> **What you will do**
An exact copy of all the data is needed, with every picture left out.

> **Data block**
----

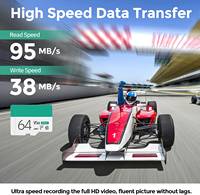 Tarjeta de Memoria GITRA TF de 32 GB Clase 10 U1 U2 U3 de Alta Velocidad para Teléfono/Cámara/Grabadora, Tarjeta Micro SD de 64 GB C10, 128 GB, 256 GB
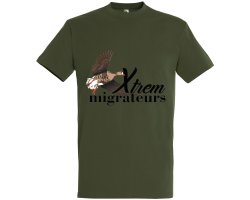 Tee-shirt femme oie rieuse vert foncé XTREM MIGRATEURS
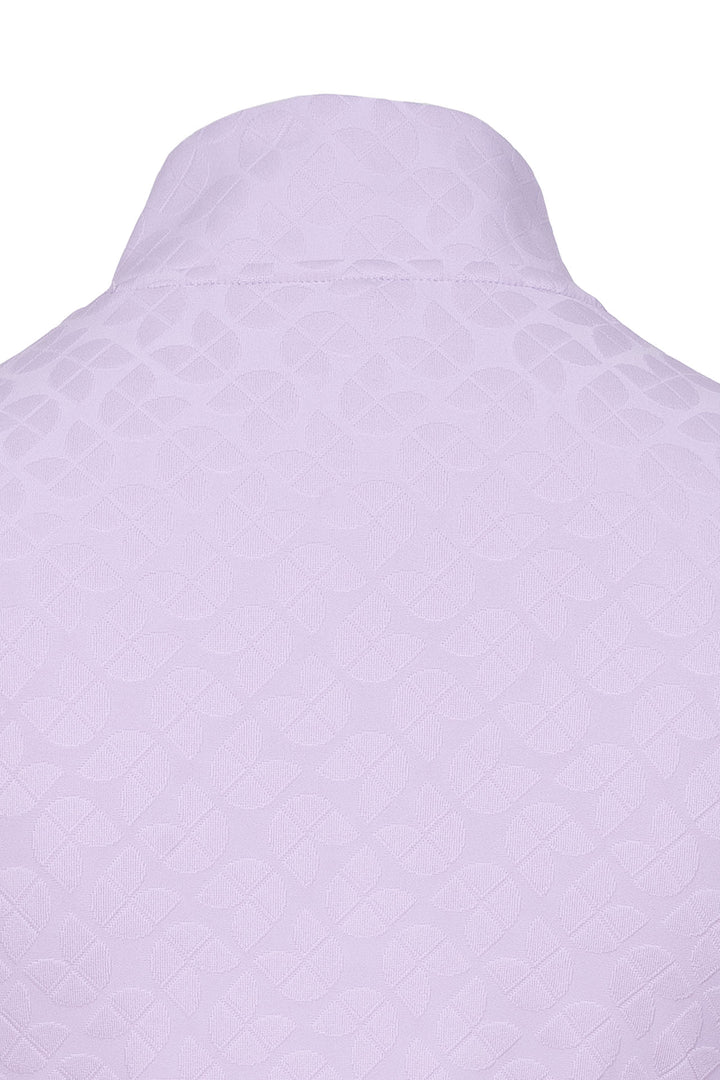Cavallo Cavaldarsha Jacquard Half Zip - Iced Lilac detail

----

> **Result of this exercise**
 Tarjeta de Memoria GITRA TF de 32 GB Clase 10 U1 U2 U3 de Alta Velocidad para Teléfono/Cámara/Grabadora, Tarjeta Micro SD de 64 GB C10, 128 GB, 256 GB
 Tee-shirt femme oie rieuse vert foncé XTREM MIGRATEURS
Cavallo Cavaldarsha Jacquard Half Zip - Iced Lilac detail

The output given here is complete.